I’m also at that point where I can drive in to work a couple of days a week (though stop-and-go driving is actually still painful). So life is returning to normal, and I’m getting less done.

What? Getting less done?

Maybe it just seems that way.

It’s all about the mornings for me… and well, the afternoons too, but the mornings are killing my productivity. I’m a morning person. Always have been. Always will be. There were a few weekends in college where I slept past 10 AM, but, in all fairness, those followed the nights where I didn’t get to bed until after 4:00 AM. What? I was studying. Ahem.

My normal wakeup time when I’m taking the train into work is between 5 and 5:25 AM, depending on which train I want to catch. On those days, I write on the train on the way in and on the way home. I’ve gotten a lot of writing done that way over the last 3 years.

But working from home has made me somewhat more lazy.
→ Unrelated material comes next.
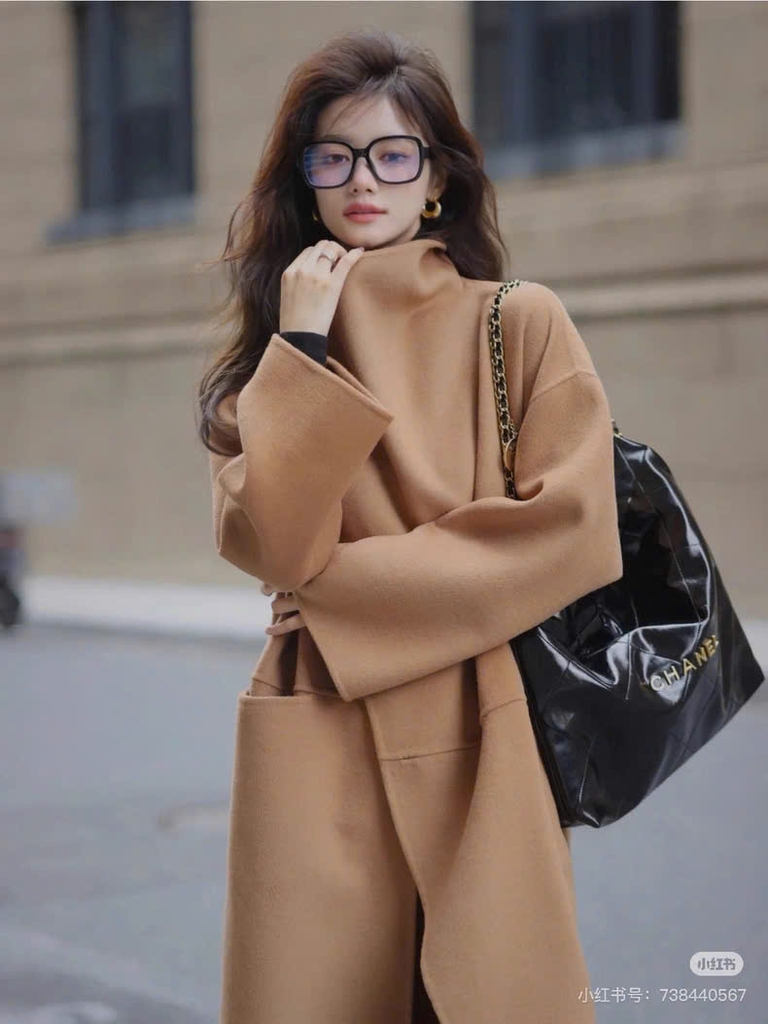 Áo mangto dạ TOTEME cổ bẻ to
Friday morning, I didn’t get up until 5:45AM. Crazy, I know. I wrote for about 45 minutes before breakfast (interrupted 3 times to help my son turn on the TV to watch Ironman – Armored Adventures, his current favorite show on NetFlix.)  Then it was off to work – a five foot commute from the comfy chair in my office where I write, to my desk chair where I do my day job. I sat there for about 8 or 9 hours with a brief stop for lunch. I’m incredibly productive (for my employers) when working from home. I bang out more code and fix more bugs in a day of working from home than a week in the office. My only distraction at home is watching the garbage truck and its amazing robotic arm pick up the neighbor’s recycling bin and throw it up into the air.

On days where I ride the train, I get that afternoon writing session on the way home. On work from home days, I cannot stand to be in my office for even another minute. So I usually either move to the couch and watch something on my NetFlix queue, or, if I’m feeling good, go out to the garage and get a workout in. Option A usually wins out.
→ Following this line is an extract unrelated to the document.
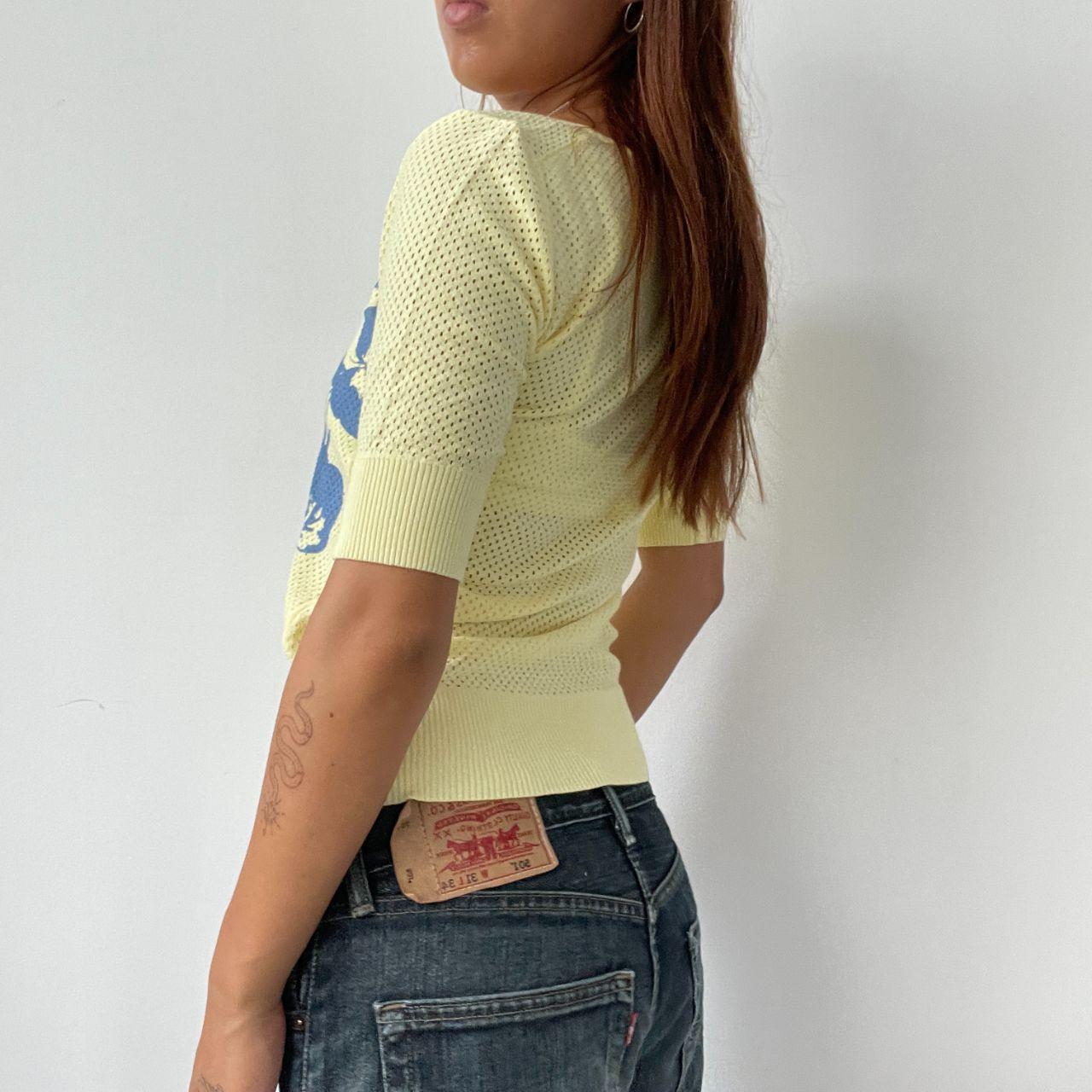 Vintage Yellow Mesh Cop Copine Top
On days where I drive in, I get even less done. There’s no morning session, or afternoon session. There’s just my 35 mile commute each way, which kills my ambition for the rest of the day. I hate driving in, and have said a thousand times that if I had to do it every day, I would quit.

It’s not that I haven’t been getting anything done. I have been editing ‘Labeled’ quite productively over the past few weeks when I do get time and energy to sit down. As of this morning, I have just 4 chapters left to edit, but two of those will be complete rewrites. But because of the unusual schedule, the fact that I am ‘just editing’ and not doing it consistently, I don’t feel as productive as I have in the past. For me, as a writer, nothing feels as productive as tracking the word count on a new story. Editing just doesn’t seem to be as fulfilling. The editing cycle never seems to end.

But it’s not like there isn’t a new novel burning a hole in my mind right now that I just have to write. There are, however, the beginnings of something stirring. It’s going to get put in my ‘what-ifs’ file today, and perhaps get expanded over the next couple of months. I’ve got too much editing I still need to get done this year to start on something new, but come the New Year, I want to have a plan in place for the next story.

So, yes, life is getting back to normal. And maybe the new normal for me as a writer with 5 books ‘done’ is always being in an editing cycle. But I can’t wait to get back to working on a new story. Life just isn’t the same when I’m not.